Toutefois, l’argumentation mobilisée pour étayer la critique est parfois discutable.

L’ « indépendance syndicale »,  un principe fondamental, est brandie comme argument d’autorité par les tenants d’une stricte séparation entre le « social » et le « politique ».  Mais peut-on séparer arbitrairement ce qui relèverait des seules compétences du mouvement syndical et ce qui relèverait des seules prérogatives du monde politique ? A l’évidence, non. Les organisations syndicales interviennent en permanence sur le terrain politique, et les politiques s’occupent des « matières sociales »,  pas toujours de manière positive faut-il le préciser ! Emploi, fiscalité, pouvoir d’achat sont ainsi des priorités  affirmées pour les uns et pour les autres.
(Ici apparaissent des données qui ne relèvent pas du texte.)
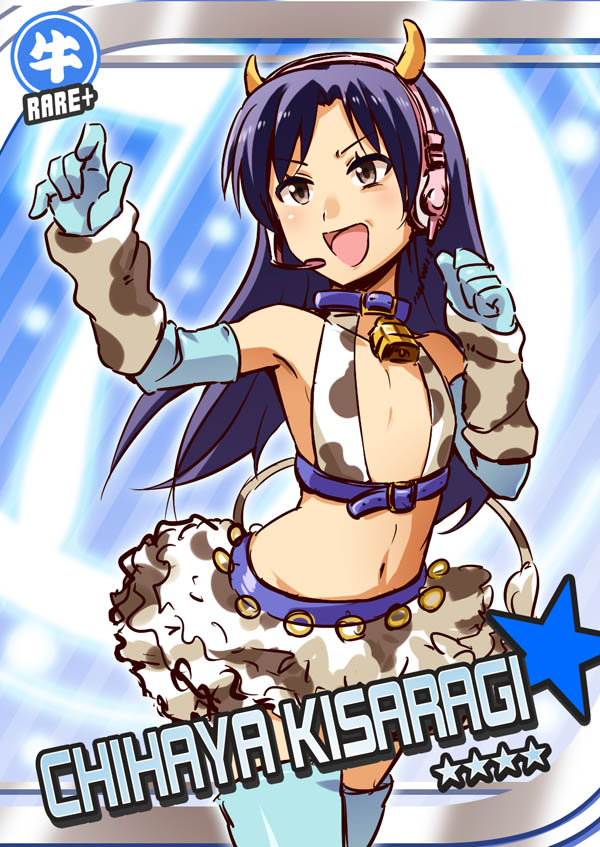 kisaragi chihaya and oikawa shizuku (idolmaster and 1 more) drawn by tamago_(yotsumi_works)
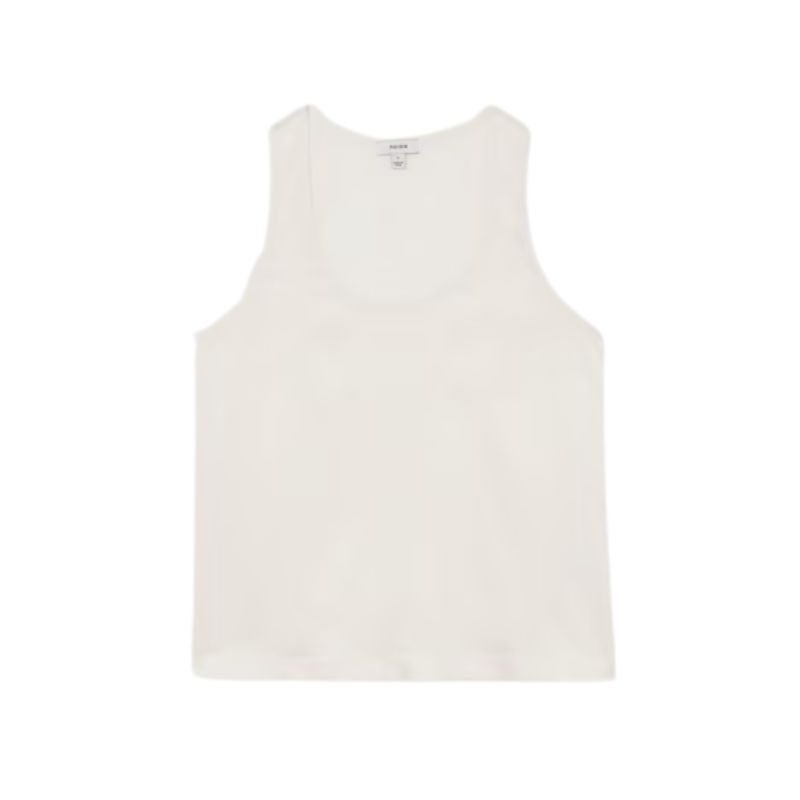 A cutout of a Reiss vest top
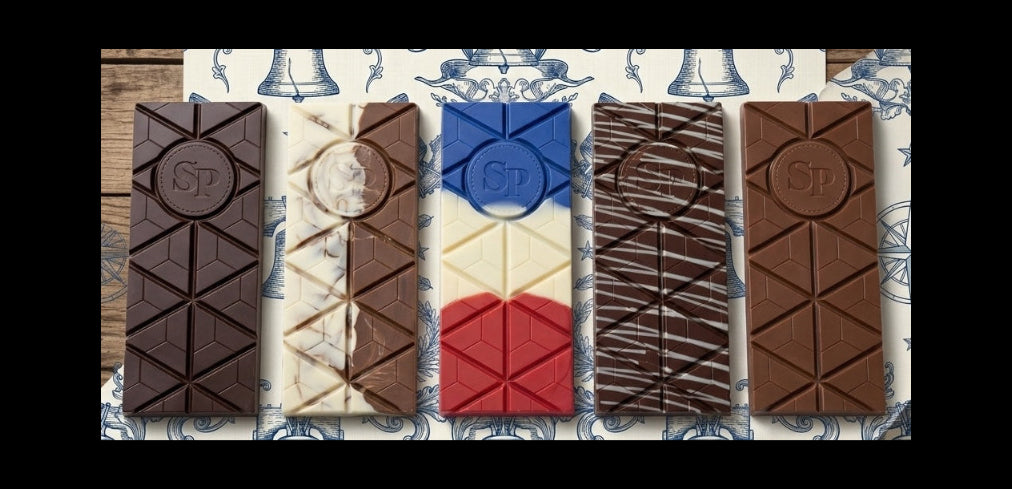 Sugar Plum Founding Flavors Chocolate Bars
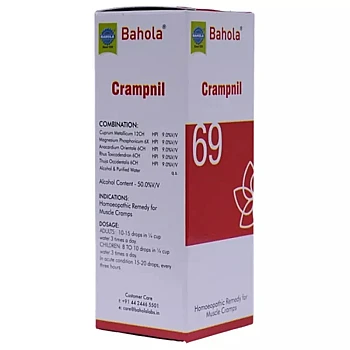Bahola Crampnil 69 Drops (30ml)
Certes, l’autonomie syndicale ne peut être remise en cause, car les syndicats organisent de manière plurielle la majorité des salariés, et ils ne peuvent être réduits à un relais privilégié d’une formation politique en particulier. Pour autant, cette indépendance n’est pas synonyme d’apolitisme ou de désintérêt obligé pour la sphère institutionnelle. Il convient de rappeler, pour les distraits, que les travailleurs et les syndicalistes sont également des citoyens. Ils ont parfaitement le droit  -pour ne pas dire le devoir !-  de s’engager aussi dans des partis ou sur des listes électorales. A cet égard, il n’y a rien à redire à Claude Rolin !

Ce qui interpelle ici, c’est évidement la préférence  de l’ancien secrétaire général du premier syndicat du pays.  La famille politique qu’il intègre (CDH-PPE) est située à droite et considère qu’il n’y a pas d’autre réponse à la crise du capitalisme que la mise en oeuvre de politiques d’austérité ! Comment peut-on en tant que syndicaliste contester ces choix, et puis rejoindre ceux qui les portent ?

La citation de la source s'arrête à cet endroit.